Memorable Words from TV


Television has been around for a long time.  When I was a child, it was black and white.  Movies started the same way.  Then TV and movies became colorful.  Here are some quotes from and about television.  Feel free to add your own to this collection.

M*A*S*H= “Look, all I know is what they taught me at Command School.  There are certain rules about a war and rule number one is ‘Young men die.”  And rule number two is “Doctors can’t change rule number one.’”  Henry Blake (see above)  (McLean Stevenson)

 M*A*S*H =  “Due to conditions beyond our control, we regret to announce that lunch is now being served.”  Public Service Announcement

George Lopez = “I’m a big fan of reality shows.  I thought the first one, Dukes of Hazard, captured white people perfectly.”

Gilligan’s Island = “Anyone who says money can’t buy happiness doesn’t know where to shop.”  Eunice Wentworth Lovey Howell

Leave It To Beaver = “A man never gets so old that he forgets how it was being a little boy.”  Ward Cleaver

The X-Files= “The truth is out there.”

Groucho Marx =  “I find television very educational.  Every time someone turns onthe set, I go into the other room and read a book.”


Taxi =  Reverend Jim: Can you guess how many drugs I did?

Elaine: A lot.

Reverend Jim: Wow!
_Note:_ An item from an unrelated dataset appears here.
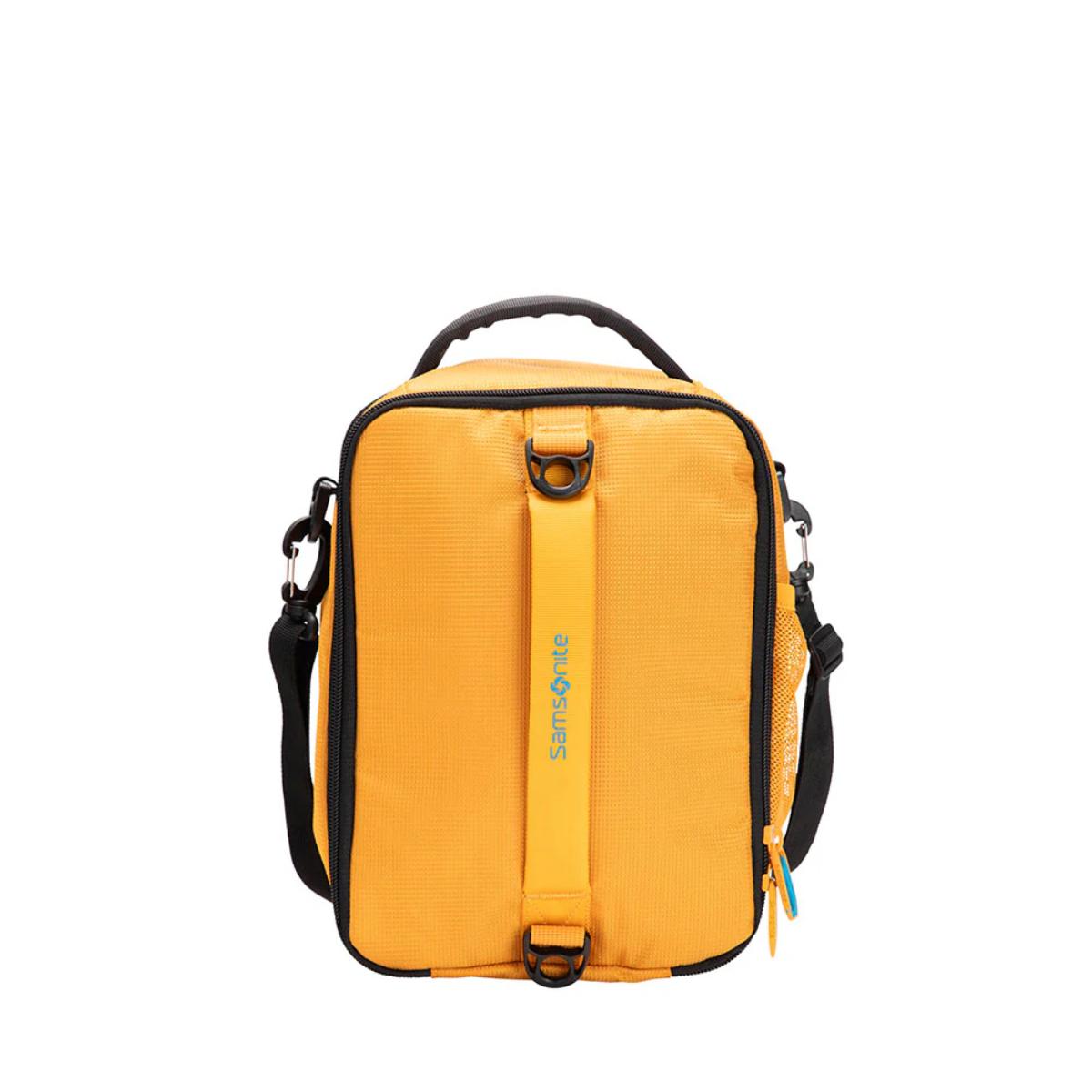 Lancheira Térmica Samsonite - Ignition Picnic - Mostarda Samsonite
Right on the nose! (see above)  Christopher Lloyd

Taxi =  “If you find yourself in a confusing situation, simply laugh knowingly and walk away.”  Christopher Lloyd

Miami Vice = You’ve got to know the rules before you break them.  Otherwise, it’s no fun.”  Sonny Crockett

Ted Turner= “Nuclear war would really set back cable TV.”

Star Trek = Live long and prosper.

Star Trek: The Next Generation = Make it so!

Game of Thrones= I drink and I know things.  Tyrion Lannister

The Simpsons =  “D’oh!”

Alfred Hitchcock=  “Television is like the invention of indoor plumbing.  It doesn’t change people’s habits.  It just kept them inside the house.


The Prisoner = Number 6:  “Everybody votes for a dictator.”   (see above)  Patrick McGoohan

Elementary =  “If you eliminate the impossible, whatever remains, however improbable, is the truth.” Sherlock Holmes (Jonny Lee Miller)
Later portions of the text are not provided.